开源软件名称（OpenSource Name）：

开源软件地址(OpenSource Url)：

开源编程语言(OpenSource Language)：

开源软件介绍(OpenSource Introduction)：

kured - Kubernetes Reboot Daemon

Introduction

Kubernetes & OS Compatibility

Installation

Configuration

Reboot Sentinel File & Period

Reboot Sentinel Command

Setting a schedule

Blocking Reboots via Alerts

Blocking Reboots via Pods

Adding node labels before and after reboots

Prometheus Metrics

Notifications

Overriding Lock Configuration

Operation

Testing

Disabling Reboots

Manual Unlock

Automatic Unlock

Delaying Lock Release

Building

Frequently Asked/Anticipated Questions

Why is there no latest tag on Docker Hub?

Getting Help

请发表评论

全部评论

上一篇：

下一篇：

krishnaik06/Machine-Learning-in-90-days

微信小程序上拉加载和下拉刷新（wepy）

armancodv/building-energy-model-matlab:

美元符号为什么是“$”

FGRibreau/import-tweets-to-mastodon: How

剪的笔顺,诠释剪的笔画,认识剪的部首

六六分期app的软件客服如何联系？

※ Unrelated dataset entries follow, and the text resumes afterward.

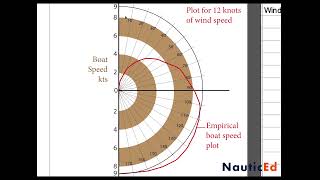 Sailboat polar plots explained [upl. by Nnylassej486]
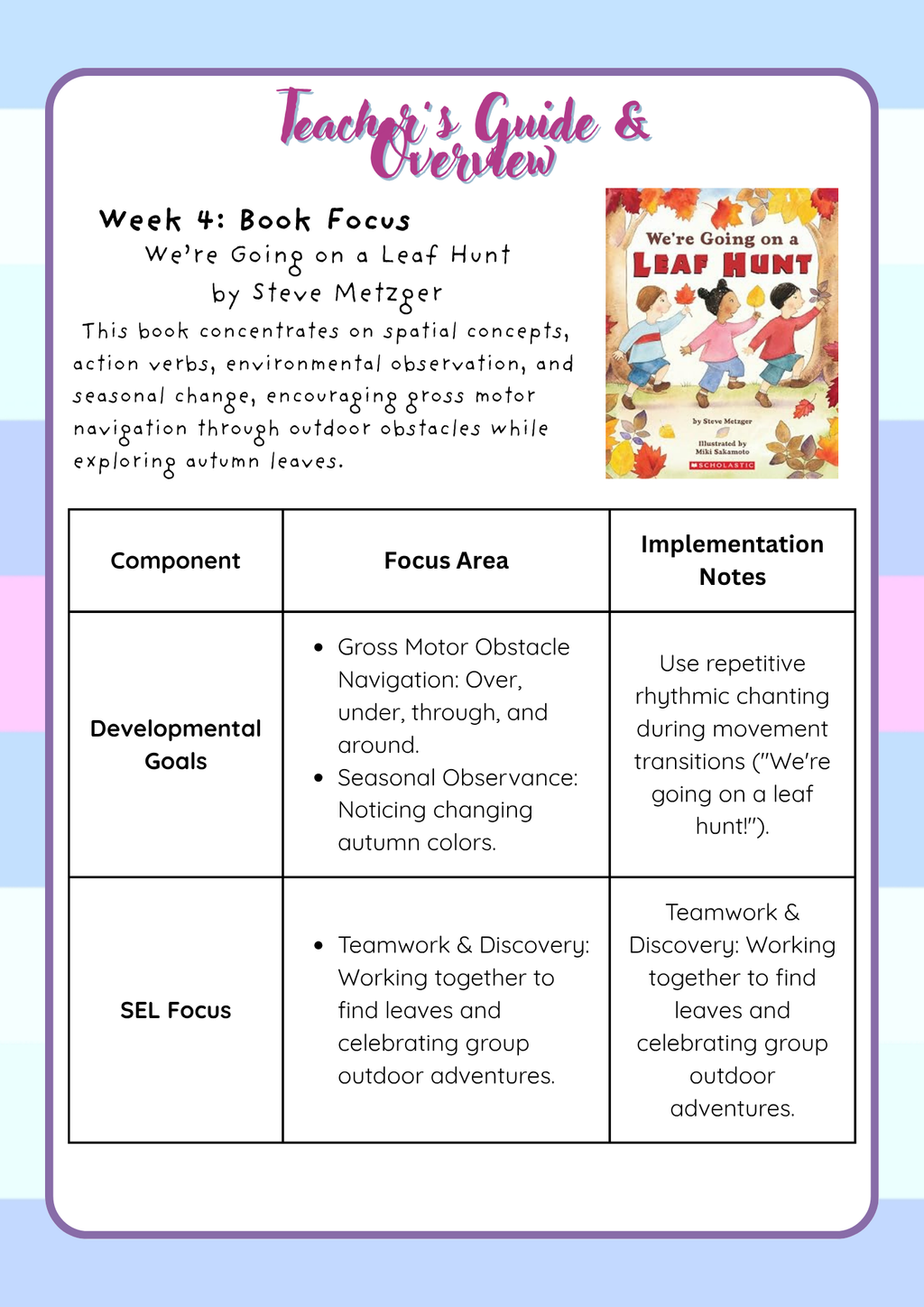 Book Week Adventure (September Edition): Two-Year-Old Toddler Curriculum | Everyday Play N Learn Series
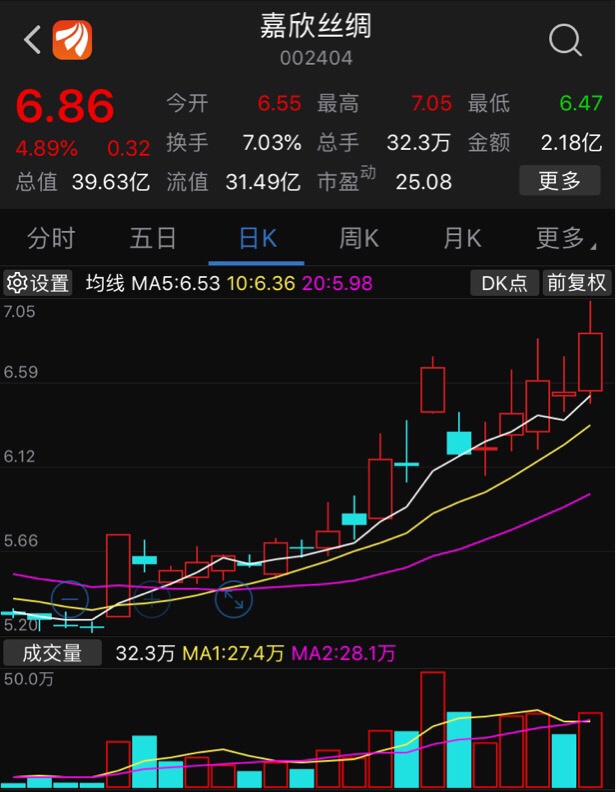 嘉欣丝绸 6元的mems芯片锂电池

(六六分期

florent37/ViewAnimator: A fluent Android

florent37/Shrine-MaterialDesign2: implem

CVE-2020-36276

SimpleSoftwareIO/simple-sms: Send and re

关于我们

产品与服务

解决方案

139-2527-9053

Why is there no `latest` tag on Docker Hub?